Inspiration

During the COVID-19 Pandemic, many of our families were left wondering what areas are safe and more prone to risk to the spread of the virus. Public health data was often mess and no one knew what areas were safe outside of there own home. Thats when my teammates and I came with our idea for HealthScope. A new way to see and visualize health data from across the United States and on dozens of different factors so that no family has to ever be left wondering if the place they live in or visit are safe and healthy.

What it does

HealthScope is a geospatial data visualization platform for Public Health Data. HealthScope takes hundreds of thousands of rows health data from the past 8-years and seamlessly combines it into one all-access comprehensive website. Users can see a detailed assessment of various metropolitan areas health risk and trends over the past couple of years. Additionally, users can get a glimpse into the future with advanced machine learning to see how communities and areas might progress or degress in terms of health in the next 5 years.

How we built it

HealthScope leveraged a wide variety of the latest technologies to provide a powerful data visualization tool and create a engaging user experience.

User Interface: Healthscope is a full-stack web app that clusters and aggregates Health Data from the past 8 years and plots it on over 70,000 US metropolitan cities and areas. HealthScope contains a unique geospatial heatmap that plots the different metropolitan cities and colors them according to there average HealthScore. Designed entirely using React.js, users can interact with the various points and gain an insight into some of the factors that determined the healthscore as well as the health score over the past several years. Users also hold the option to change the year in which they can view the data spanning any year from 2016-2024. Finally users can choose to forecast future health scores of various sites via a Geospatial Neural Network that has been extensively trained to forecast future health risks. Users can see the forecast for the next 5 years and for various locations across the United States

Data Caching: Data was extensively used throughout this project. To acquire this data, our team scanned over 40 different health website databases to see which ones contained various health statistics and spanned the loggest time intervals. Our team narrowed it down to Places: Census Tract Datasets which spanned over 8 years and contained health information for over 20 different risk factors and 70,000 different sites. These spreadsheets were combined to form one massive 500,000 cell csv that fed the data for our website and was used at forecasting future health risks.

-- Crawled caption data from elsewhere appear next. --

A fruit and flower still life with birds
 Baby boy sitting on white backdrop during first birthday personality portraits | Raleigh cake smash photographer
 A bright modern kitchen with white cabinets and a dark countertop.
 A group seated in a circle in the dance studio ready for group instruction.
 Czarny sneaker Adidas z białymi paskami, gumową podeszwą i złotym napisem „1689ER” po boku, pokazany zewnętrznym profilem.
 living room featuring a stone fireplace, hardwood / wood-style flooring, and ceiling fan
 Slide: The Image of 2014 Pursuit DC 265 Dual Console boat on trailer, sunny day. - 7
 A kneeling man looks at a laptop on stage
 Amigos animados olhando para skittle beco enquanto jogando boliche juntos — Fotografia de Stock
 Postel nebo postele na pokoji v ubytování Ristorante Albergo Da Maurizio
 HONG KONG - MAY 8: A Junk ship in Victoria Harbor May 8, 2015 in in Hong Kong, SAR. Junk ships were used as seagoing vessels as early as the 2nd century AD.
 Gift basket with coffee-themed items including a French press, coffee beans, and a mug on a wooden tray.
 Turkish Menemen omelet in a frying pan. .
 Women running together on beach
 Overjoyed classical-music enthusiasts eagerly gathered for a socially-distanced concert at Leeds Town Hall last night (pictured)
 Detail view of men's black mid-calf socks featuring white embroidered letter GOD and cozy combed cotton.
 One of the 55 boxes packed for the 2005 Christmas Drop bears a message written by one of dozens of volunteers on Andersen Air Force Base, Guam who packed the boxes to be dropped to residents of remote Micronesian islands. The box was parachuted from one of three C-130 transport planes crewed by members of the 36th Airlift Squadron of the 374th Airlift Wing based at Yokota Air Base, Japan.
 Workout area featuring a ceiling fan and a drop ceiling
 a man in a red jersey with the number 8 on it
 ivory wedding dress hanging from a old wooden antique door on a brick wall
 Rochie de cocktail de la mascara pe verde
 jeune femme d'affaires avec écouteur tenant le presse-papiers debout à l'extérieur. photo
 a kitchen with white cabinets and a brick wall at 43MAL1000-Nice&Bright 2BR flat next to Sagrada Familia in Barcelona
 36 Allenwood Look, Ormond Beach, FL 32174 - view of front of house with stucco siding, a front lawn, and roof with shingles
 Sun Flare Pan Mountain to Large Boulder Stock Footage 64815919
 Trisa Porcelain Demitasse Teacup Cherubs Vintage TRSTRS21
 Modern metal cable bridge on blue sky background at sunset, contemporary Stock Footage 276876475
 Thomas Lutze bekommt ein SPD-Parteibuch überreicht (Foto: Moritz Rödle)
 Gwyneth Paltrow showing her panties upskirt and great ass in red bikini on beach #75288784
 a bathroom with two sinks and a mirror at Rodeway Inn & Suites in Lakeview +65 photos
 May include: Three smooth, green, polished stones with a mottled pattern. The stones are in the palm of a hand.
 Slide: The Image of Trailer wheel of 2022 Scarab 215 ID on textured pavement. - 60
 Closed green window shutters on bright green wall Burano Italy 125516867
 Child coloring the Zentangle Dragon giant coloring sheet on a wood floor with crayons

Prediction Models: Our prediction model is a Geospatial Neural Network, with an input layer, 4 hidden layers following a 256-128-64-32 node pattern. The output layer is only one node, representing the Health Score that corresponds to the inputted data. The inputted data comes from the data we cleaned earlier. The model takes in year, latitude, and longitude all translated into geospatial coordinates. These values come from a .csv file and are converted to radians for lat and long and cycle for time in order to fit within our model. We trained this model with 400 epochs and obtained an MAE value of around 5. MAE stands for “Mean Average Error”, which represents the difference between the output and test data. We use MAE since our model is not a classification model; the closer MAE is to zero, the more accurate it is.

We created a CSV file that contains all years and latitudes/longitudes from 2016 to 2024 that match our constraints. Our model then predicts a Health Score value based on the future date input. We store these updated health indices in a json file which is then pushed to the front end and displayed. This model is a competitive product considering how variable the health indices are for different places, factors and years. By taking in numerous inputs, we enhance our results while adding to the complexity of training this model, overall having a novel take on the way we can classify, display, and predict health rates.

Challenges we ran into

Mutating large dataset requires lots of time and computing power, which are 2 things we lack at hackathons. So managing the long wait time were tough especially during only 36 hours.

What we learned

This project was very heavily centered around the usage of data. So we learned a lot about data analytics and data visualization. We also learned how to conduct statistic operations on large dataset.

What's next for HealthScope

We believe that there is a real future for HealthScope. In the future we will improve the neural network to more accurately predict future health data. This could be done by increasing the numbers nodes and layers, choosing a better activation function, and getting more training data. Along with those improvements we hope to increase the reach of HealthScope by creating prediction data for international users. Aswell finding more datasets from different sources will make the predictions and more adaptable. We hope to bring HealthScope to the world!